JPvVvB: You have come to photographic art rather later in life. Do you feel having been primarily a photographer in the digital age (during which we see more and more “Photo Based Art vs straight photography) has forged your style into what we see today?
CE: I started shooting more than thirty years ago … before digital photography swept the world. Because I was primarily attracted to color, my film of choice was Fuji Velvia. As it was a slide film, I never edited any of my images after I shot them. I was practicing law when personal computers started to gain popularity. I embraced the new technology … even as most of my colleagues were clinging to dictation. Of course, I was using the pc strictly for word processing. Then I heard about Photoshop. My early efforts at using the program were quite crude and, like most photographers, I used it largely for editing. Finally, I could work in a (digital) darkroom. Gradually my skills improved and, during the time I was studying for my MFA, I began to appreciate the possibilities of using layers to create work. I quickly saw I could work the way a painter works, ‘’building’’ an image rather than ‘’finding’’ one.
So to answer your question, I think my gravitation to photo-based art has less to do with having become a photographer in the digital age and more about feeling myself to be a painter who uses photography. In this regard, every element of my images is something I have photographed … but I use the photographic fragments to make layered works that read like paintings.
JPvVvB: Following the progression in your work I detect a slow change in style (From the more detailed, more muted pieces in Xanadu to the bolder floral forms in the later(?) floral series, where do you see your art going and what determines your direction? What is next?
CE: The visual language hasn’t really changed insofar as it involves layering and collage, pastoral and urban imagery, contrasting textures etc. But the color palette and the ostensible subject matter seems to change depending on my response to what is going on in the world and in my life. Some of the earlier images to which you refer were created in the run up to the 2016 election and its aftermath. They are more than muted, they are pretty dark as was my mood at that time. The evolution to more colorful floral forms came about in response to the Covid pandemic. Being in lockdown stimulated a craving for something uplifting and beautiful. As winter gave way to spring in 2021, when it seemed the end of the pandemic might be in sight, many artists appeared to be drawn to floral imagery. Then came Omicron 1 and 2.

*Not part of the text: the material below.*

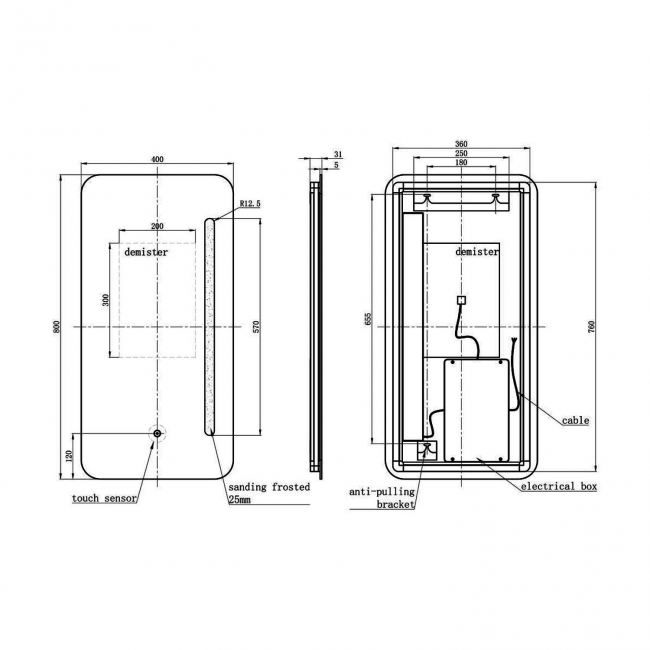 Signature Diego Oblong LED Bathroom Mirror 800mm H x 400mm W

For me, the Undercurrents series speaks to this conflict between hope (that the pandemic would finally disappear) and the sinking feeling we were being pulled under again. Even the newer flower images with their sensational color palettes are marred and bruised. But they are a little less junked up with urban detritus.

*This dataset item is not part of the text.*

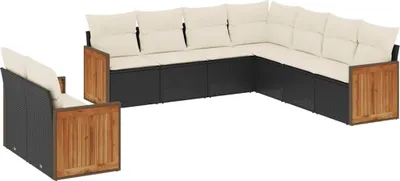 Produktbild von vidaXL 9-tlg. Garten-Sofagarnitur mit Kissen Schwarz Poly Rattan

As for what is next, I have no idea. My process is an intuitive one in that I don’t start with an idea but rather with some imagery that attracts my attention. I build the piece in a spontaneous manner. But at every step in the process I have to make a choice … and those decisions are an unconscious reflection of what’s going on inside my head. I spend a lot of time reading about and listening to the news … so it’s safe to say my thoughts will continue to be on the world situation and the immediate threat level of the pandemic. Accordingly, the imagery may get dark again or, in an act of defiance (maybe an attempt to assert control), it may get wilder and more colorful.